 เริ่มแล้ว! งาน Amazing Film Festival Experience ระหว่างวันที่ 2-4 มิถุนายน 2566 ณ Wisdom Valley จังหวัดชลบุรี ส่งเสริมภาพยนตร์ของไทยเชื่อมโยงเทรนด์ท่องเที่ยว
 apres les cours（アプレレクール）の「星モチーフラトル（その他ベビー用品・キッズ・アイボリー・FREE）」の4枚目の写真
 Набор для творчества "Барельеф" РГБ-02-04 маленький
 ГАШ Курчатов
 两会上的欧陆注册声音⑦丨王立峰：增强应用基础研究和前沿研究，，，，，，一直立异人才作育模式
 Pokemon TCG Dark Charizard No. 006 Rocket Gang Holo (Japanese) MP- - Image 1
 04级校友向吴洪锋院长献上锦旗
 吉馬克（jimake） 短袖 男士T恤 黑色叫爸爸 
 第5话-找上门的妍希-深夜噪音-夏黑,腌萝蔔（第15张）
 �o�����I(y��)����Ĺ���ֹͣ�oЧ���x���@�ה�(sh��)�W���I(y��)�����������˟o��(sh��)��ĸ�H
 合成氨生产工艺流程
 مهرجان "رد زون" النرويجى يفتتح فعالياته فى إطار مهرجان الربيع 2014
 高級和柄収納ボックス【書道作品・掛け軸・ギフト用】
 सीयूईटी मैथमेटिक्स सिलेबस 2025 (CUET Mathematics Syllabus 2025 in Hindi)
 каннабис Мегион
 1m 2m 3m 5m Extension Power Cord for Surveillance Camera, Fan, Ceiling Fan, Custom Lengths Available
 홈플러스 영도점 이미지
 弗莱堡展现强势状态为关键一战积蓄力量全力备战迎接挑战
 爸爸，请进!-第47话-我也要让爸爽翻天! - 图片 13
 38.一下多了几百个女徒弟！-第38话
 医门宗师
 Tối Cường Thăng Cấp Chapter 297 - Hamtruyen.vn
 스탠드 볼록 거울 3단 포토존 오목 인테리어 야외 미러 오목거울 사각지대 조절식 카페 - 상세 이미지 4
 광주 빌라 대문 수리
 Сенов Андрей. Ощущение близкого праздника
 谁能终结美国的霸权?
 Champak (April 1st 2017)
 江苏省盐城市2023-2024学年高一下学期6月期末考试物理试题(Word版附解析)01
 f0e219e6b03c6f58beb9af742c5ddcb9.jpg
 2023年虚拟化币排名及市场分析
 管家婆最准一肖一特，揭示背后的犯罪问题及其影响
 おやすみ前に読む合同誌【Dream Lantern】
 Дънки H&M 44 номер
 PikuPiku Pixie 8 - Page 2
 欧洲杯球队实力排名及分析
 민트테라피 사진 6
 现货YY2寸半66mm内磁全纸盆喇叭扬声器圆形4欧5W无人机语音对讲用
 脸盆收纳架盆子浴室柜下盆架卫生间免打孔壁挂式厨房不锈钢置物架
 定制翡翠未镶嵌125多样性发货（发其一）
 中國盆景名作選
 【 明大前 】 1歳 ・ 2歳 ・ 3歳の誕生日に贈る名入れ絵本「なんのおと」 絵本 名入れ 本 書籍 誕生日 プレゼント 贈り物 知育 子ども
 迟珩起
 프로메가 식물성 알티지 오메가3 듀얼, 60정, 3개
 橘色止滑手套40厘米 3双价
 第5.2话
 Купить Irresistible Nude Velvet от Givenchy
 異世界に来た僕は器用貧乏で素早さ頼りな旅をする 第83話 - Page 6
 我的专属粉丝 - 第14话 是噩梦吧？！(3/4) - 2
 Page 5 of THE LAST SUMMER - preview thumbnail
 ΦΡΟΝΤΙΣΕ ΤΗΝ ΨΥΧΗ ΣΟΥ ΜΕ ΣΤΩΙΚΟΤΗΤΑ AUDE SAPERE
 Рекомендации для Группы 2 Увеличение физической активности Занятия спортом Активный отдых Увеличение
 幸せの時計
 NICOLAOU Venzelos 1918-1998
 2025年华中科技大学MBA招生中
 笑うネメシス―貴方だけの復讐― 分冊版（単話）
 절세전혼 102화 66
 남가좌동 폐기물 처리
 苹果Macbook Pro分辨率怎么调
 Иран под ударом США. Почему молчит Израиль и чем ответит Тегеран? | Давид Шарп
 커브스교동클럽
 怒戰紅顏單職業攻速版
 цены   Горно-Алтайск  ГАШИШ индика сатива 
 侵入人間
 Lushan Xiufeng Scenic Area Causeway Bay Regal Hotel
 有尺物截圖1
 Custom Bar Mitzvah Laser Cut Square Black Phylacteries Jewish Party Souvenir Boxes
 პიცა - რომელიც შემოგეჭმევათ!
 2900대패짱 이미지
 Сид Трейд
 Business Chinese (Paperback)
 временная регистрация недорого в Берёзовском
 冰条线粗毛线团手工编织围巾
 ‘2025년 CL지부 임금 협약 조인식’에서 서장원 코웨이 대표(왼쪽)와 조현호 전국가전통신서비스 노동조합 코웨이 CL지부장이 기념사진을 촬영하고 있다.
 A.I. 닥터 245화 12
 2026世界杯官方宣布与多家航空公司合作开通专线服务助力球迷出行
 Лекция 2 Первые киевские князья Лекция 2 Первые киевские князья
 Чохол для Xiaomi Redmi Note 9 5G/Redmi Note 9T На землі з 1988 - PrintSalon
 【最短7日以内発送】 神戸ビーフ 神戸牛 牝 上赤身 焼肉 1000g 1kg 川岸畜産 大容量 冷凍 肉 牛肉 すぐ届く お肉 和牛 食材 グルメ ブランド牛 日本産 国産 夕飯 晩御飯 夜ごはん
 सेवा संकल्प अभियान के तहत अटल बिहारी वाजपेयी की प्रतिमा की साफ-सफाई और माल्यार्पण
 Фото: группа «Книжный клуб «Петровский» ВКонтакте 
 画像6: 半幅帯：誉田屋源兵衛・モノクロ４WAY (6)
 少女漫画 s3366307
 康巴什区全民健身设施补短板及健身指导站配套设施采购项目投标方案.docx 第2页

**Exercise brief:** Search the listing for "Custom" and show every line where it occurs.

**Result below:**
 1m 2m 3m 5m Extension Power Cord for Surveillance Camera, Fan, Ceiling Fan, Custom Lengths Available
 Custom Bar Mitzvah Laser Cut Square Black Phylacteries Jewish Party Souvenir Boxes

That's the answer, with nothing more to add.